══ Data records ══
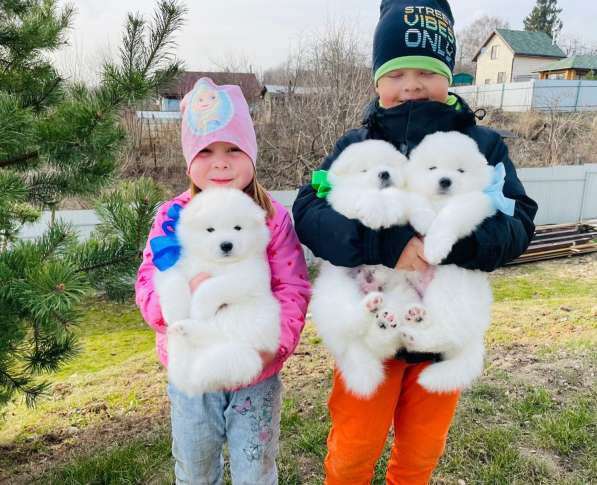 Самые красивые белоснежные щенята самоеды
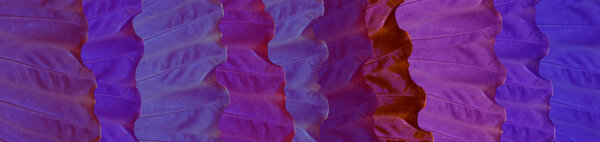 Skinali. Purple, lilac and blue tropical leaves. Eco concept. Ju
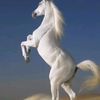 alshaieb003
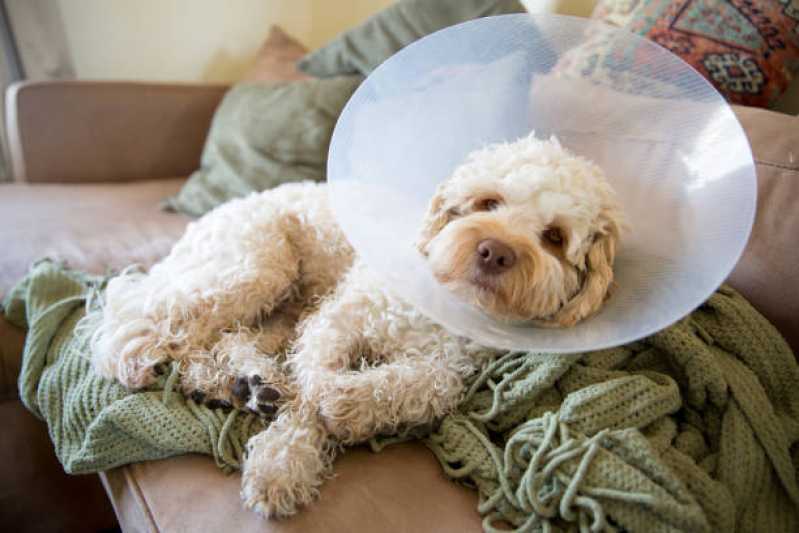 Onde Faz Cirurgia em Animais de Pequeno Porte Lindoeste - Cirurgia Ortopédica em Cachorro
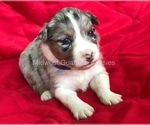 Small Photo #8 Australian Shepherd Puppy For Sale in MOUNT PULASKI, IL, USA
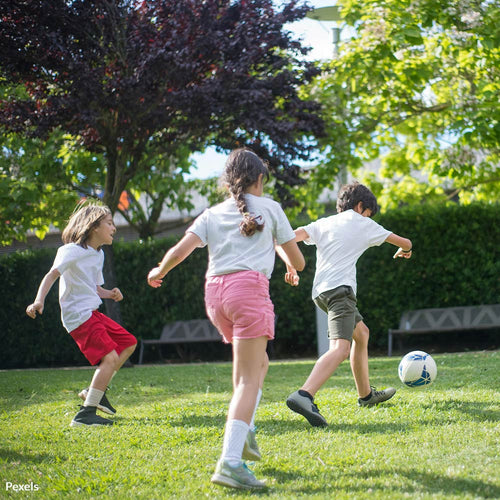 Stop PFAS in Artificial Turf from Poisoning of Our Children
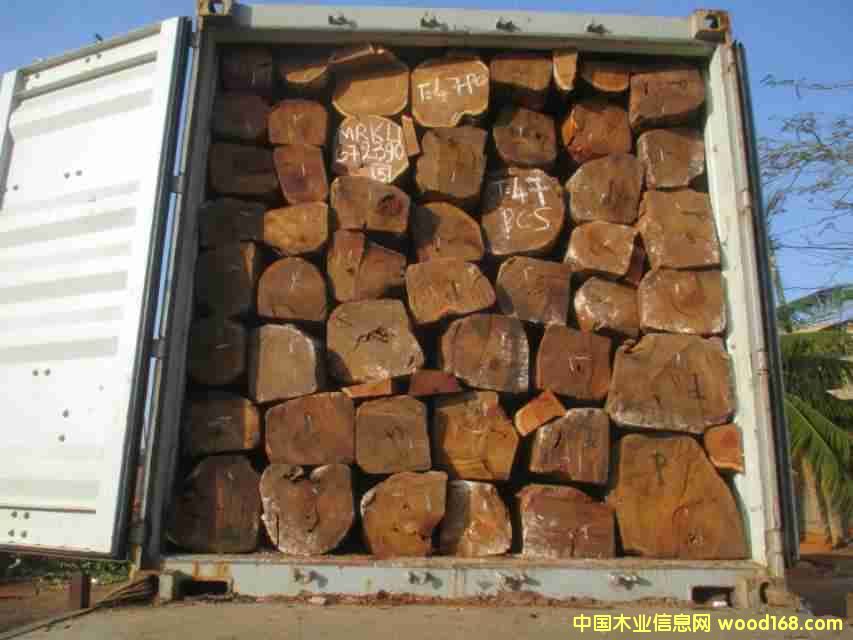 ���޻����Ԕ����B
═══
══ Data records ══
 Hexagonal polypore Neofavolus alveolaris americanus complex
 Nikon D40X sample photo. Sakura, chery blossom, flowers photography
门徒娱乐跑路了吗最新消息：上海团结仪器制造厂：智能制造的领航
═══
Work to complete
Would you retype the lines above from the one with "Nikon D40X sample" down to the one with "门徒娱乐跑路了吗最新消息：上海团结仪器制造厂：智能制造的领航", word for word, both ends included and no other lines?

Reply
 Nikon D40X sample photo. Sakura, chery blossom, flowers photography
门徒娱乐跑路了吗最新消息：上海团结仪器制造厂：智能制造的领航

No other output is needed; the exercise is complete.